The New York Times describes the plan as “hardly concrete,” but oil nations are desperate enough to try calming the markets just by talking about it. Unfortunately for Russia and its partners, the calming effect was limited, because the market wanted production cuts, and the tentative agreement has too many escape clauses.

One area of particular concern is that Russia, Saudi Arabia, Qatar, and Venezuela said their freeze depended on getting other oil-producing nations to follow suit, and neither Iran nor Iraq seems inclined to do so. Iran is eager to dramatically increase production now that sanctions are lifted, and to put it mildly, the Iranians do not care if that causes problems for Saudi Arabia.

The NYT notes the proposal for a freeze has symbolic value because “Saudi Arabia and Russia are now presenting a united front on oil,” while they remain bitterly opposed on most geopolitical issues, most prominently the Syrian civil war. Until now, the two countries have also been vigorously competing on oil sales, trying to grab each other’s market share in Eastern Europe and China.

Cooperation on oil prices might offer a glimmer of hope that the Saudis and Turkey will not get into a shooting war with Russia and Iran over the fate of the Assad regime and its adversaries in Syria.

“The plan represents a reversal for Saudi Arabia,” the Times reports. “As oil prices have slumped, the country, the de facto leader of OPEC, has avoided trying to manage the market through cuts, or even talking of them.
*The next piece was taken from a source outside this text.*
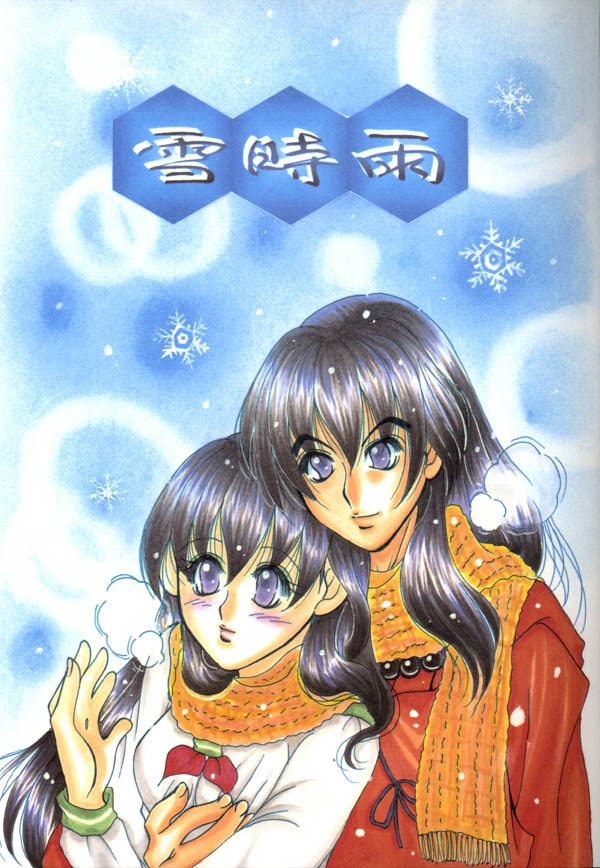 Yukishigure page 1 full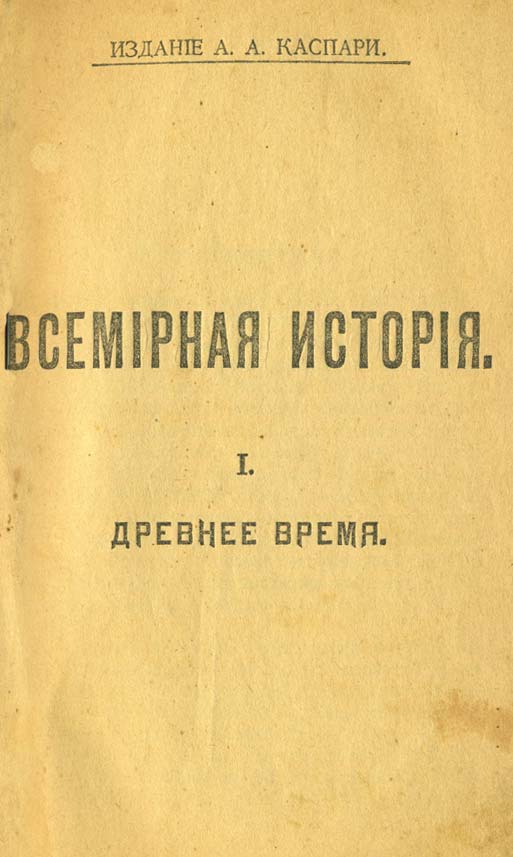 '  .  .  1.  .' 1902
Instead, it has continued to ramp up production, even as prices dropped sharply.”

In other words, the Saudi effort to wipe out America’s oil industry by flooding the market, driving prices down, and bankrupting American companies is not going very well.

The Saudis cannot call off the oil war on their own. Bloomberg News notes they have “resisted making any cuts in output to boost prices from a 12-year low, arguing that it would simply be losing market share unless its rivals also agreed to reduce supplies.”
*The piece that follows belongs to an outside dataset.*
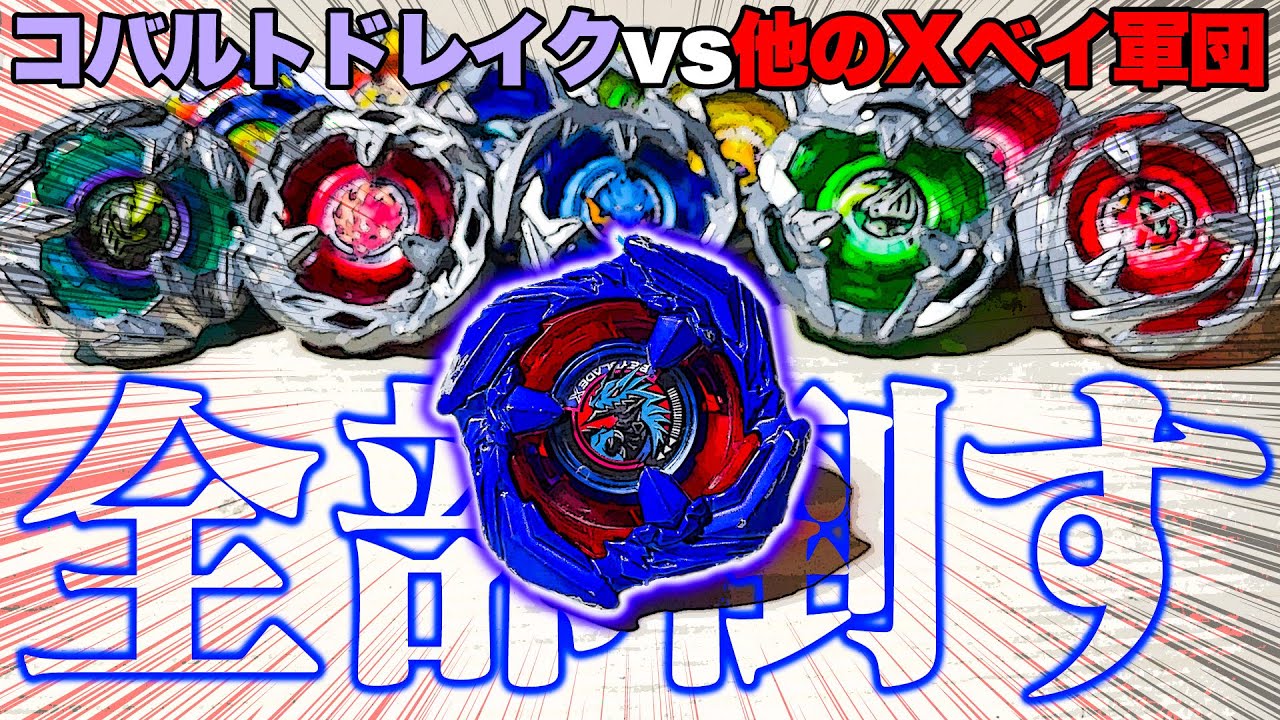 コバルトドレイクが強すぎるから、他のXベイブレード全て倒しちゃい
The bitterest of Saudi Arabia’s “rivals” will entertain no such suggestion. “Iran will not forgo its share of the market,” declared the Iranian oil ministry, continuing with a plan to ramp up exports by a million barrels a day.

Meanwhile, Bloomberg reports Iraq, which just passed a record 4.35 million barrels of production per day in January, might be willing to cap that production at current levels, but only if other producers commit to the Saudi-Russian proposal. It seems unlikely that all of these nations would make an exception for oil-happy resurgent Iran, although Bloomberg News notes there is precedent for such an exception, dating back to 1999’s oil price slump.

Relations between the Saudis and Iran are extremely tense these days, making Saudi Arabia less willing to hand a chunk of the oil market over to Tehran, but analysts seem in universal agreement that panic is setting in, as oil prices drop below $30 per barrel. An Iran toughened by sanctions, emboldened by diplomatic victory over the Obama Administration, and winning proxy conflicts across the Middle East might be able to win a staring contest with the Saudis.